Queer Places:
Yale University (Ivy League), 38 Hillhouse Ave, New Haven, CT 06520
107 Waverly Pl, New York, NY 10011
Ashley Cemetery West Springfield, Hampden County, Massachusetts, USA

Lyman Hotchkiss Bagg (December 24, 1846 - December 23, 1911) was an American author and journalist, among the first of the literary types to move into No. 107 Waverly Place, New York. The bachelor journalist and writer lived there since 1876; writing for the New York World among other publications. In 1900 he was still a resident of the house.

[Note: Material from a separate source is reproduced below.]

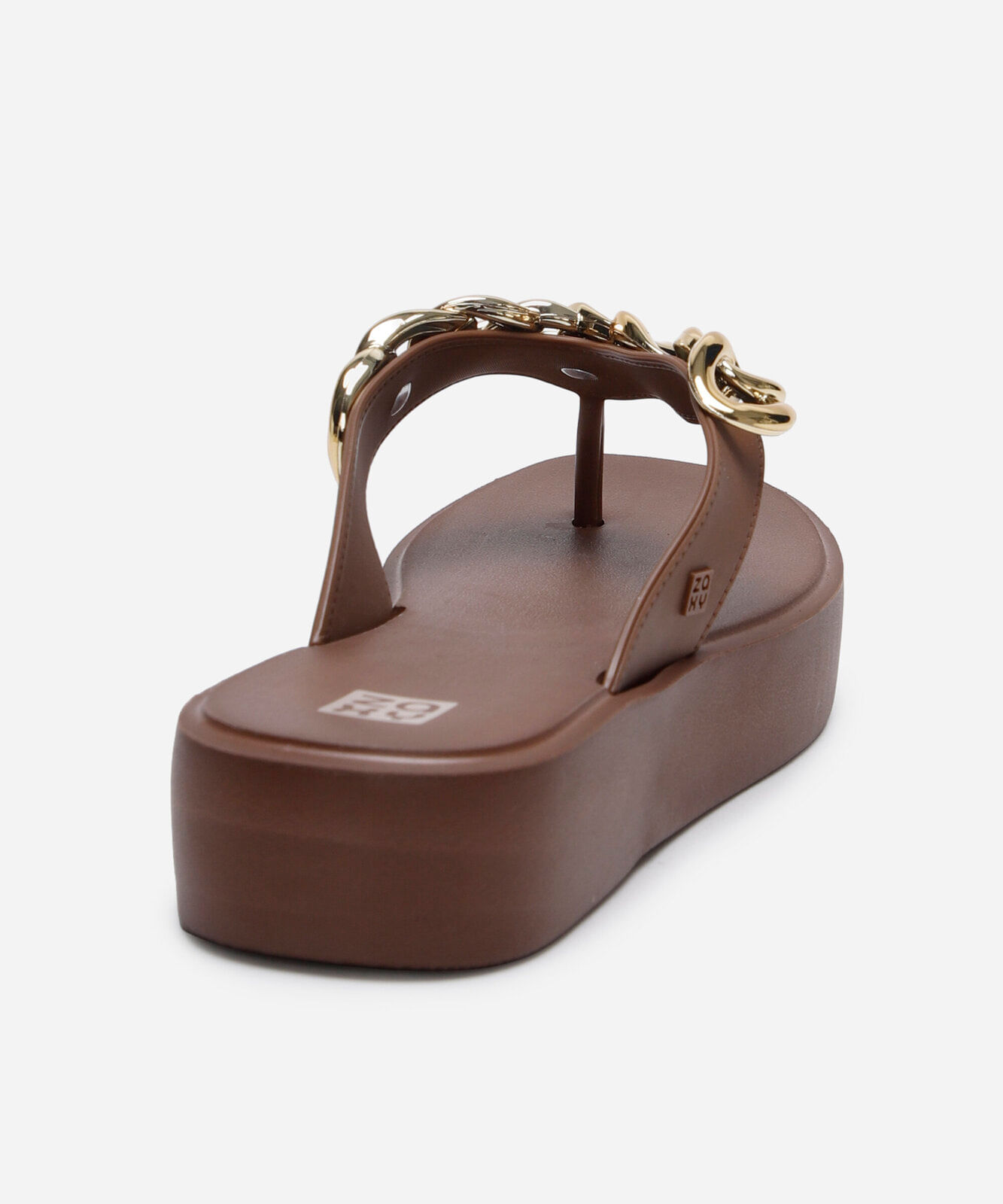 sandália flatform feminina zaxy com elos marrom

Lyman Hotchkiss Bagg was born in West Springfield, Hampden County, Massachusetts, the son of Richard Bagg (1812–1852) and Susan Atwater (1817–1895). He attended Yale University, 1865-1869. He was the editor of the Yale Literary Magazine, 1868-1869, and of the College Courant, 1870-1871. From 1876 to 1882 he wrote a Monday column, "College Chronicle", for the New York World. Readers started sending in letters address to Coll Chron. He eventually modified the abbreviation and adopted the pseudonym Karl Kron.

Under the pseudonym of Karl Kron, he published Castle Solitude in the metropolis; a study in social science (1888), Curl, the best of bull-dogs, a study in animal life (1884), and Ten thousand miles on a bicycle (1887). Under his own name he published Four years at Yale (1871).

He died in 1911 and is buried at Ashley Cemetery, West Springfield, Hampden County, Massachusetts.